Problem statement: Reproduce only the lines of the material below that start at the line containing "koszulka męska versace" and stop at the line containing "Damen Lorbac Ballerina". Keep both end lines.

Data section:
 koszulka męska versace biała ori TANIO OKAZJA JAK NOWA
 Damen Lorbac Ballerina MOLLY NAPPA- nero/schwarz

* * *

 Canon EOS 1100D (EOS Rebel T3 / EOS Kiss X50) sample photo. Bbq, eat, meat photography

* * *

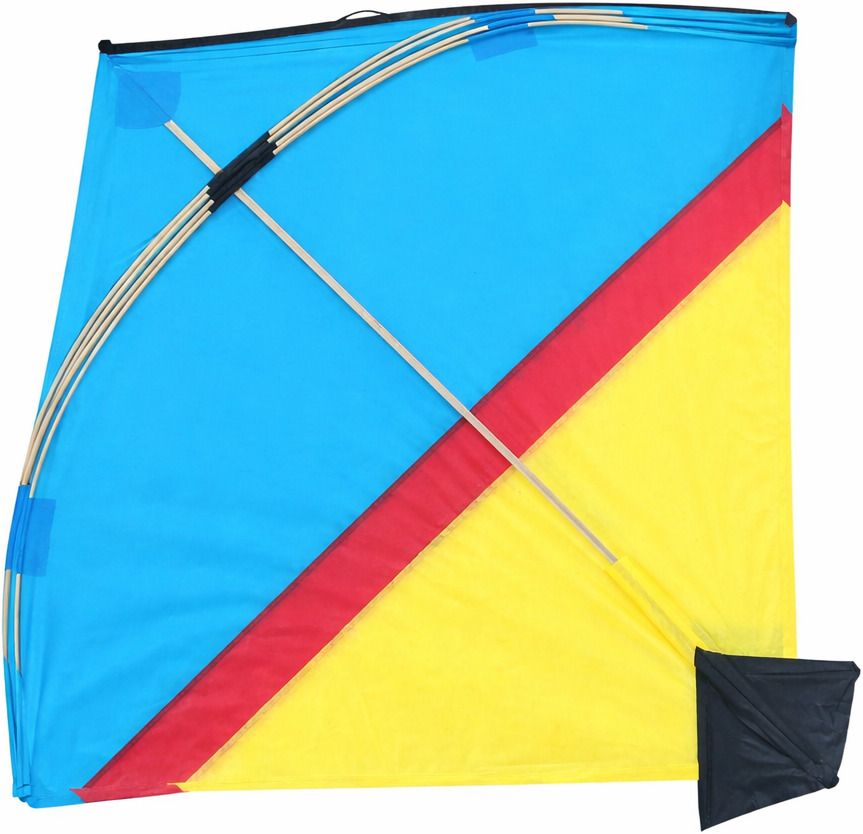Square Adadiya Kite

Output for this exercise:
 koszulka męska versace biała ori TANIO OKAZJA JAK NOWA
 Damen Lorbac Ballerina MOLLY NAPPA- nero/schwarz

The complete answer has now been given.